Citizen Kane

“I run a couple of newspapers, what do you do?” asks Charles Foster Kane (Orson Welles) of a young woman he will take as his mistress. Never forget that Welles’ directorial debut, routinely sanctified as the World’s Greatest Film, is also and mainly a bracing study of a tycoon publisher who bears a strong resemblance to William Randolph Hearst. Kane uses his millions to assemble the best journalists money can buy; he more or less invents a war to sell papers; he uses his newsprint empire to promote his candidacy for governor — and, when he loses after the sex scandal, runs the headline “Fraud at Polls.” A two-hour demonstration that absolute wealth corrupts fascinatingly, Kane was a box-office flop, in no small part because Hearst exercised his muscle to suppress and then condemn it.
Ace in the Hole

An ordinary guy named Leo (Richard Benedict) gets trapped in a cave-in, and is found by Chuck Tatum (Kirk Douglas), a big-city reporter exiled to Albuquerque.
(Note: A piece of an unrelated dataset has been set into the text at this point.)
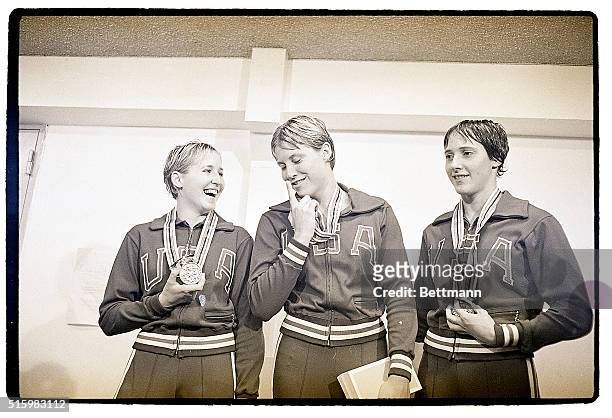 Tokyo, Japan -: Three American girls stand on the winners platform after receiving their medals for winning in the woman's 400 meter individial...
Leo might be quickly dug out, but Chuck, believing that extended publicity will get him back to the top and out of New Mexico, manages to delay the rescue effort for nearly a week. By that time the disaster site has become a resort destination, a Lourdes for voyeurs. Ace in the Hole (a great title) casts blame not just on Chuck but on the whole journalistic process: on those who gather and manipulate the news, those who publish it, and those who read all about it. The moral is as apt today in the 24/7 news biz, where the appetite for sensational stories rarely stops short of prurience.